::: Source information
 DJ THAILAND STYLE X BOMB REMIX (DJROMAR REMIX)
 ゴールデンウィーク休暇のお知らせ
::::::
::: Source information
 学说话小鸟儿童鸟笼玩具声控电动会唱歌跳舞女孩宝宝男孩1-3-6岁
::::::
• [What is being asked]
Give the exact lines, and only those, from the line containing "DJ THAILAND STYLE" through the line containing "ゴールデンウィーク休暇のお知らせ" in the entries above.

• [Reply]
 DJ THAILAND STYLE X BOMB REMIX (DJROMAR REMIX)
 ゴールデンウィーク休暇のお知らせ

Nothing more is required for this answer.